Motherhood is continuity.
Continuity not just of bloodline, but of story. Of legacy. Of struggle and resilience. It is a thread that connects me backward to those who mothered me—flawed, fumbling, or fierce—and forward to a child whose life will stretch far beyond my own.
It is work. Meaningful work. Yes. Good work. Yes. Hard work. Yes. Rewarding work. Yes—all of that.
But work, nonetheless. The kind of work that demands both devotion and depletion. The kind that requires clocking in when your body wants to quit, and clocking out only when sleep claims you by force. The kind of work that reshapes a person while never quite paying them what they’re worth.
While motherhood shifted my identity in ways that are beautiful, brutal, expansive, and territorial, it did not shift my purpose. It did not change that intrinsic thing woven in me when I was knitted together in my mother's womb. Wow. My purpose holds all my roles without collapsing into any of them.
That is miraculous.
Because society loves collapse. Woman into wife. Mother into martyr. Blackness into burden. We are asked to become one thing when we were born as many. Refusing collapse is itself an act of resistance.
Motherhood is equal parts refinement and detriment to my purpose. Because motherhood is an unquenchable fire. From MJ’s first breath and beyond my last, I work in service of him and the purpose that is a seed within him.
The fire refines: it burns away self-deception; it forces clarity; it teaches endurance. But the fire also scorches: it leaves ashes where dreams once lived; it exhaust; it threatens to consume the very person who feeds it. Both are true at once.
If I can pass through the fire and still water the seed and his seeds, I know without a doubt that I am capable of accessing my own unique purpose.
No, I wasn’t born to be a mother. I choose it. Every day. Multiple times a day.
And I water myself in the process. Motherhood is connected to a renewable well, and I water the seeds within all of us. But make no mistake, being a nurturer isn’t my purpose any more than being a woman, Black, American, etcetera.

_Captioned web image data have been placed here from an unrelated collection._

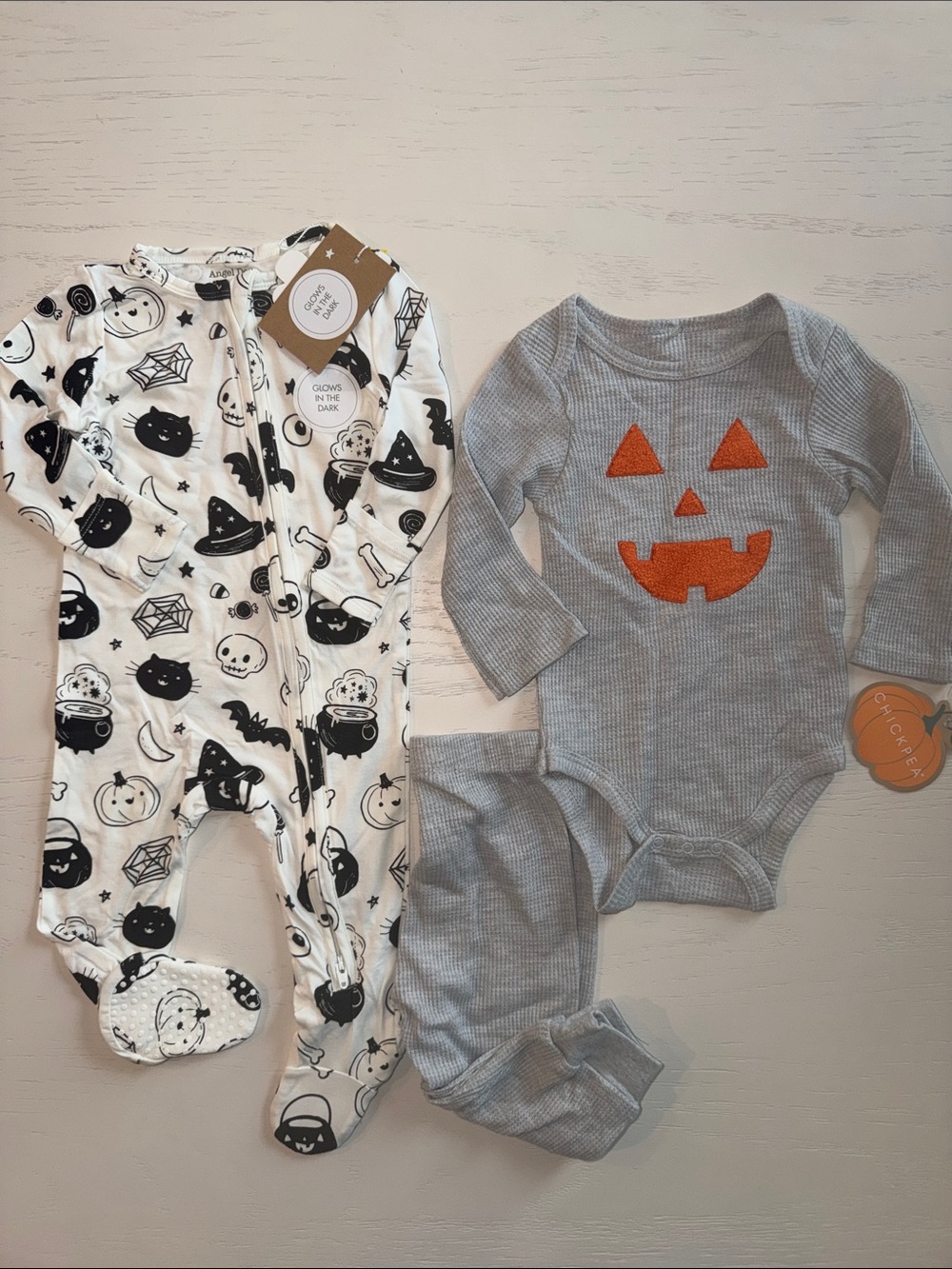Angel Dear Classic Halloween Bundle Footie Waffle Bodysuit Outfit 6-9 months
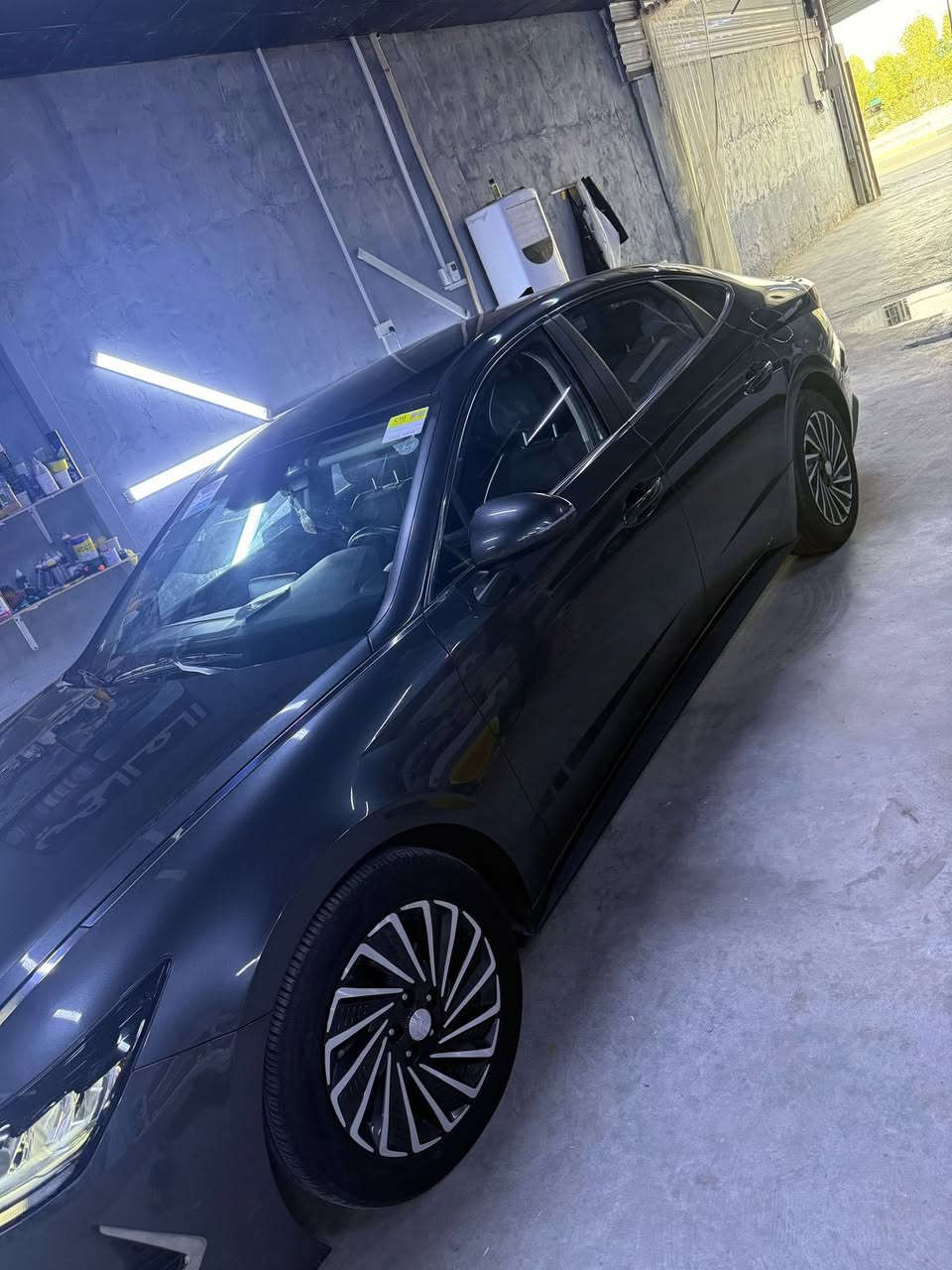 سوناتا 2022 رقمه اربيل تحويل ثاني يوم وال حادث بصيطط راح اكتبه بل اخير   ومحرك 2.0 لتر 4 سلندر هايبرد
2- قوة 192 حصان
3- ناقل حركة أوتوماتيك 6 سرعات
4- دفع أمامي FWD
5- بصمة تشغيل ودخول ذكي
5 -6 ركاب
7- مقاعد جلد  ا)
8- مقاعد تبريد وتدفئة (Limited)
9- شاشة 8 إنج أو 10.3 إنج
10- شاشة عدادات رقمية 12.3 إنج
13- شاحن لاسلكية
16- مثبت سرعة ذكي
17- نظام المحافظة على المسار
18- تحذير النقطة العمياء
19- فرملة طوارئ تلقائية
20- استهلاك وقود اقتصادي.

                ويل المنيوم 
22- إضاءة أمامية LED كاملة
LED DRL إضاءة نهارية -23
24- مصابيح خلفية LED
25- حساسات أمامية وخلفية
26- مرايا جانبية كهربائية مع تسخين
27- طي مرايا كهربائي

29- مقعد السائق تحكم كهربائي

31- مكيف أتوماتيك ثنائي التحكم
32- فتحات تكييف خلفية
33- نظام تشغيل عن بعد
34- فرامل يد إلكترونية
35- أوتو هولد (تثبيت السيارة بالإشارة)
(Eco / Sport / Smart) نظام اختيار وضعيات القيادة -36
37- نظام استرجاع الطاقة أثناء الفرملة
38- شاشة معلومات وسطية بين العدادات
39- بلوتوث ومنافذ USB أمامية وخلفية
40- نظام ملاحة GPS 
41- تنبيه حركة المرور الخلفية
42- تحذير الخروج الآمن للركاب
43- مساعد تجنب الاصطدام الأمامي
44- وسائد هوائية متعددة (أمامية جانبية ستارية)
45- نظام مراقبة ضغط الإطارات
46- تثبيت مقاعد أطفال ISOFIX
47- خزان وقود سعة تقريباً 50 لتر
48- نظام تعليق مريح للمدينة والسفر
49- عزل صوت ممتاز داخل المقصورة
50- بطارية هايبرد ليثيوم

نظام Smart Key للدخول بدون مفتاح
52- تشغيل بزر Push Start
53- قير أزرار Shift-by-Wire (مو عصا عادية)
54- شفرات تبديل سرعات خلف المقود (بعض الفئات)
55- مثبت سرعة مع خاصية التوقف والانطلاق
56- مساعد القيادة على الطريق السريع Highway Drive Assist
57- نظام تتبع المسار المتطور LFA
58- تنبيه انتباه السائق
59- شاشة عرض 

0- إضاءة داخلية محيطية Ambient Lig

61- زجاج عازل للحرارة والصوت

5- نظام قفل مركزي ذكي
66- إنذار ضد السرقة
67- نظام إدارة حرارة البطارية
68- مكابح مانعة للانغلاق ABS
69- نظام توزيع قوة الفرامل EBD
70- نظام الثبات الإلكتروني ESC
71- نظام مانع الانزلاق TCS
72- مساعد صعود المرتفعات
73- مساعد نزول المنحدرات (حسب السوق)
74- رادار أمامي ذكي
75- مستشعر مطر لتشغيل المساحات تلقائياً
76- مساحات أمامية بدون إطار
77- مؤشر قيادة اقتصادية Eco Guide
78- نظام بلولينك Hyundai Bluelink (في بعض الدول)
79- شبكة أمامية كروم رياضيه

1- معامل مقاومة هواء منخفض لتحسين صرف البنزين
82- بطارية هايبرد

3- وضعية EV للقيادة الكهربائية بسرعات منخفضة
84- استهلاك تقريبي حوالي 4.5 لتر لكل 100 كم
85- سعة صندوق خلفي تقريباً 450 لتر
86- طول السيارة حوالي 4.9 متر
87- عرض حوالي 1.86 متر
88- قاعدة عجلات واسعة لثبات أفضل
89- وزن تقريبي 1.6 طن
90- شاشة معلومات استهلاك مباشر للوقود
رقم الهاتف : ***********
السعر: 188 بيه مجال للشراي
المكان؛ بصرة 
خابر وتدلل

It is one facet of my identity and womanhood. Not a requirement. Not a destination.
Tuesday, October 7, 2025
The Giver's Rule
Treating others how I wanted to be treated has broken my heart more times than I can count.
I remembered birthdays, comforted, affirmed, listened. I literally loved people back to life. I let my home be a place the men I chose could come for peace of mind and a piece of pleasure.
My dad was right: “You take men to the moon. For nothing.”
Only, what I wanted was never transactional. I was never after a pocket. I wanted a heart.
So I treated you how I wanted you to treat me. I gave to you how I wanted you to give to me. I made your pleasure my pleasure in hopes that some of that would come back my way. And you never had to think twice. I was clear. I told you what you needed to know to understand me.
In the quiet—when it was just you and me—was I not free of guards and bravado? You accessed my walls. You got your favorite high. I know I am a divine dopamine hit. And yet, you did not reciprocate.
And here’s the thing: it wasn’t your fault that I didn’t require you to show up for me equal to or greater than. That was on me.
But I can see it now. Your presence on my block lets me know your cup is empty. And here you are again, wanting my love, attention, and empathy. Because I don’t just make you hard, I give you softness. I massage you out of your head and into your body. I affirm the truths God speaks about you.
My guard is up not because I’m a bitch, but because I am a giver by nature. And I am tired of fucking and giving to takers.
So this time, I have nothing but well-wishes and boundaries. A few quips and side-eyes. Self-respect and so much damn pride.
If you want to come, come differently. But I am not your comfort. Not your safe space. Not the woman alchemizing your energy for your benefit.
I want to come, so I am coming differently. I am treating me how I want to be treated.